Amsterdam – CVC Capital Partners has secured €3.7 billion (approximately $4.29 billion USD) in financing for its Global Sport Group (GSG) division, signaling continued confidence in the business of sports despite a challenging economic climate. The deal, finalized with contributions from Pimco and KKR, values GSG at around €7 billion ($8.11 billion USD), according to reports from the Financial Times.
The financing package underscores CVC’s ambition to consolidate its extensive portfolio of sports investments, which includes stakes in prominent leagues and organizations across Europe and beyond. This move comes as private equity firms increasingly eye the sports sector as a resilient and potentially lucrative investment opportunity. The influx of capital will allow GSG to further support its existing properties and pursue new acquisitions, navigating an increasingly competitive landscape.
Pimco will provide approximately €1.5 billion ($1.74 billion USD) in lending to GSG, while KKR will contribute an estimated €1.4 billion ($1.62 billion USD), largely in the form of preferred equity, utilizing capital from insurer Global Atlantic. KKR has also committed to acquiring a six percent equity stake in GSG for up to €200 million ($231.7 million USD), with CVC retaining the remaining ownership. Other lenders also participated with smaller contributions.
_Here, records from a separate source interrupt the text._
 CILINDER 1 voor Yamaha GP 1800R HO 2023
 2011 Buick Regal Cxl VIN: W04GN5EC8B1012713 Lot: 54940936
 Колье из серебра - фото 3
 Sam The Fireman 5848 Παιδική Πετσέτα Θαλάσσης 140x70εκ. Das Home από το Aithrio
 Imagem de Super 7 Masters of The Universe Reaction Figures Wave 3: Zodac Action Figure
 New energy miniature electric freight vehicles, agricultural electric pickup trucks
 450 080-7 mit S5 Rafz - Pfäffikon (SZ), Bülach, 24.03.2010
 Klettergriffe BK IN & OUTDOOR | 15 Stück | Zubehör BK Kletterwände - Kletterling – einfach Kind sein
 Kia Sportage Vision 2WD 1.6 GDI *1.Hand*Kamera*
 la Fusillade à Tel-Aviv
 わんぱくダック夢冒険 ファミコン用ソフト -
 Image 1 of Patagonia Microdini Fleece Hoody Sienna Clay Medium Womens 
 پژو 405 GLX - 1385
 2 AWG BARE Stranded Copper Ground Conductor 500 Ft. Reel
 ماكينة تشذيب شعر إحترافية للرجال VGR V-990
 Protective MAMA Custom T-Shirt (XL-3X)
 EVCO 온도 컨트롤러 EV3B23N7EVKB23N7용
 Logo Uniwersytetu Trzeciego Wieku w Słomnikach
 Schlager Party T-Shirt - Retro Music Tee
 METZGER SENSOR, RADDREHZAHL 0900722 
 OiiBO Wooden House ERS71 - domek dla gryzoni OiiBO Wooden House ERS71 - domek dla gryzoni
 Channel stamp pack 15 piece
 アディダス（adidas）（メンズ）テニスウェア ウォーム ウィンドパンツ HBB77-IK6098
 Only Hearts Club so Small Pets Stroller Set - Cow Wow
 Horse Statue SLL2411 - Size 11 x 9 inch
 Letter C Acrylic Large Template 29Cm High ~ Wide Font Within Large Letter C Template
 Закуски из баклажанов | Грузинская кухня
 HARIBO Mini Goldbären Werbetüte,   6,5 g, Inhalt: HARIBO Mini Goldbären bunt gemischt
GSG’s Expanding Portfolio and Investment Strategy
Launched in September 2025, GSG serves as the central hub for CVC’s diverse sports holdings. These include significant investments in LaLiga (Spain’s top football league), Ligue 1 (France’s top football league), the Women’s Tennis Association (WTA), Volleyball World, Prem Rugby, the United Rugby Championship (URC), and the Six Nations rugby tournament. CVC has invested an estimated €4.6 billion ($5.33 billion USD) in these assets since 2018, including €2.1 billion in LaLiga and €1.5 billion in the French Professional Football League (LFP), as well as approximately £700 million ($938.5 million USD) across the three rugby union competitions.
The initial attempt to sell a large stake in GSG at a valuation of €9 billion ($10.4 billion USD) reportedly fell through, with potential suitors expressing concerns over the performance of certain assets, particularly the LFP and Prem Rugby. The Financial Times reported that the performance of these leagues contributed to the reluctance of potential investors.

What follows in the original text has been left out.